Required action:
Copy out all lines of the records in which the word "Black" appears.

Exercise data:
■ ■ ■ ■ ■ ■ ■
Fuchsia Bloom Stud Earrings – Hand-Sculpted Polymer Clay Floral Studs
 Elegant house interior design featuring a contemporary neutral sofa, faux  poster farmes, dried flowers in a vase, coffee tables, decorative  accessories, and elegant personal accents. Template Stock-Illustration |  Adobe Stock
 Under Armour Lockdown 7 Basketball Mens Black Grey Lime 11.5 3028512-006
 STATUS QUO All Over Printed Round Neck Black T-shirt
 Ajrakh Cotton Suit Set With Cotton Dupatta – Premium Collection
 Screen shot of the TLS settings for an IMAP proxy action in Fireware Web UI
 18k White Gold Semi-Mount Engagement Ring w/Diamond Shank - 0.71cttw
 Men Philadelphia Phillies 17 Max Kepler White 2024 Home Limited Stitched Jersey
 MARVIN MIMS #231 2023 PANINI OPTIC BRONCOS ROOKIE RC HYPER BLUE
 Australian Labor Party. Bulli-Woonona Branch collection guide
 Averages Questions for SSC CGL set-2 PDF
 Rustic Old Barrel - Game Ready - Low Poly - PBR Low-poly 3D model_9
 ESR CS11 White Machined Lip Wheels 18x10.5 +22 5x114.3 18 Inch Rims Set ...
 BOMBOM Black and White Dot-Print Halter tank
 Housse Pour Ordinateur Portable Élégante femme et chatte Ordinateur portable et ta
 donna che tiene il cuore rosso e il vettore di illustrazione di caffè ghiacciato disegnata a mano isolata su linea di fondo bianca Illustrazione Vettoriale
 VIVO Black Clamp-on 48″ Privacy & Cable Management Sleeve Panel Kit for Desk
■ ■ ■ ■ ■ ■ ■
Answer to the problem:
 Under Armour Lockdown 7 Basketball Mens Black Grey Lime 11.5 3028512-006
 STATUS QUO All Over Printed Round Neck Black T-shirt
 BOMBOM Black and White Dot-Print Halter tank
 VIVO Black Clamp-on 48″ Privacy & Cable Management Sleeve Panel Kit for Desk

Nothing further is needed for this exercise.